Aim of the exercise -
The entire listing, reproduced exactly and stripped of images, is the expected output.

═══ Material for this exercise

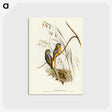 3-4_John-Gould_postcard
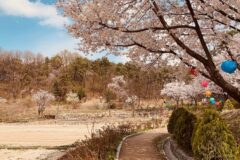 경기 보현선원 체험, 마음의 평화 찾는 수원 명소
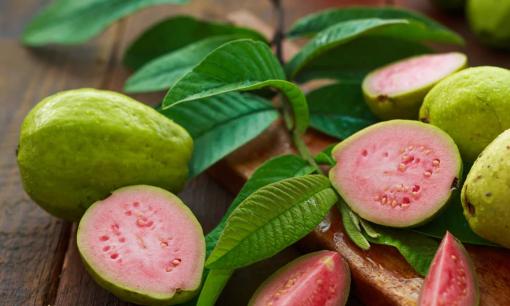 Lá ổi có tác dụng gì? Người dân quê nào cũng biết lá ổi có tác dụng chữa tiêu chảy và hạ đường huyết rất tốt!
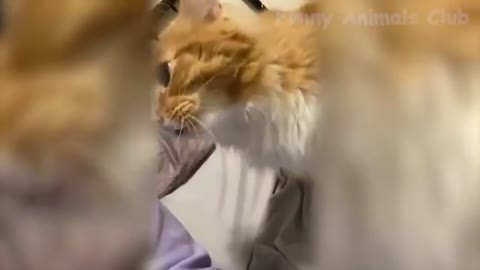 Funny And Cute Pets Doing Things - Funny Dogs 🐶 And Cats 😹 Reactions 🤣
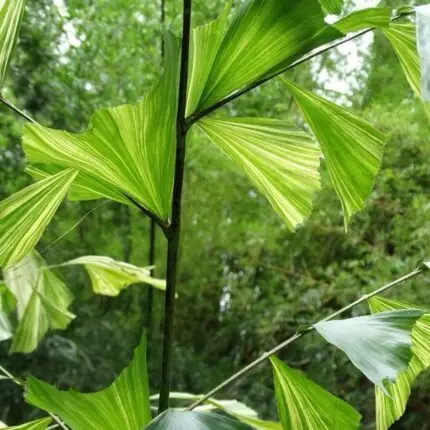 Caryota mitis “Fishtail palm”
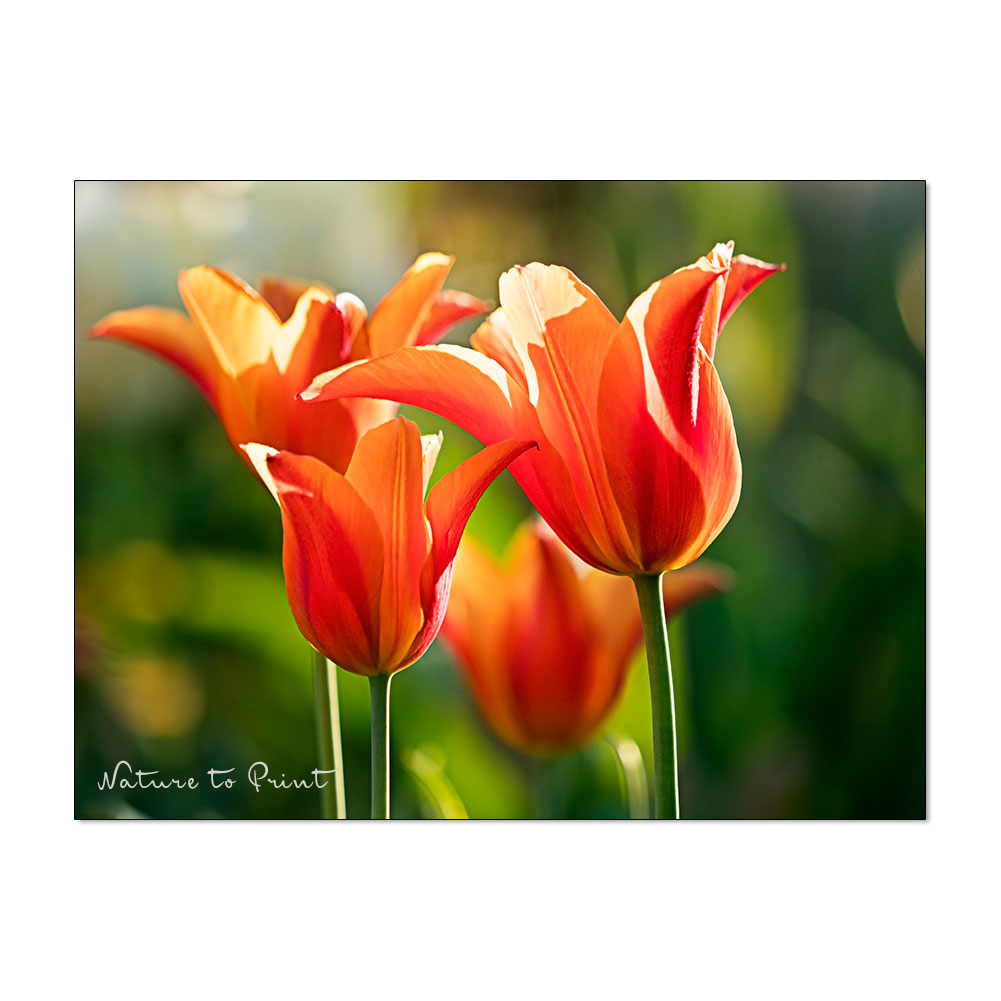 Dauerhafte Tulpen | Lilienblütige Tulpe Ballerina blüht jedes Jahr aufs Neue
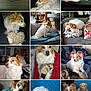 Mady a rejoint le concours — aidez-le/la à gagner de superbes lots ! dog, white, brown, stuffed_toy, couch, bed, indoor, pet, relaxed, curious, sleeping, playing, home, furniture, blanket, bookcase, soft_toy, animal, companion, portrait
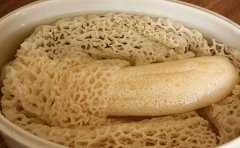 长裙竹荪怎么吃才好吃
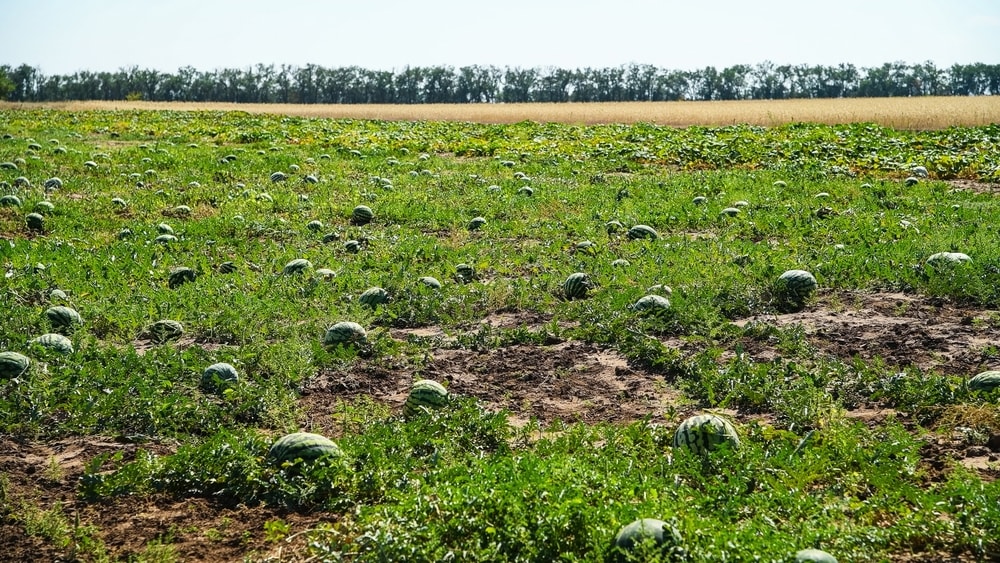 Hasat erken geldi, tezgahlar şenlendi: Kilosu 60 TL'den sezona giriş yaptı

══════

Reply -
 3-4_John-Gould_postcard
 경기 보현선원 체험, 마음의 평화 찾는 수원 명소
 Lá ổi có tác dụng gì? Người dân quê nào cũng biết lá ổi có tác dụng chữa tiêu chảy và hạ đường huyết rất tốt!
 Funny And Cute Pets Doing Things - Funny Dogs 🐶 And Cats 😹 Reactions 🤣
 Caryota mitis “Fishtail palm”
 Dauerhafte Tulpen | Lilienblütige Tulpe Ballerina blüht jedes Jahr aufs Neue
 Mady a rejoint le concours — aidez-le/la à gagner de superbes lots ! dog, white, brown, stuffed_toy, couch, bed, indoor, pet, relaxed, curious, sleeping, playing, home, furniture, blanket, bookcase, soft_toy, animal, companion, portrait
 长裙竹荪怎么吃才好吃
 Hasat erken geldi, tezgahlar şenlendi: Kilosu 60 TL'den sezona giriş yaptı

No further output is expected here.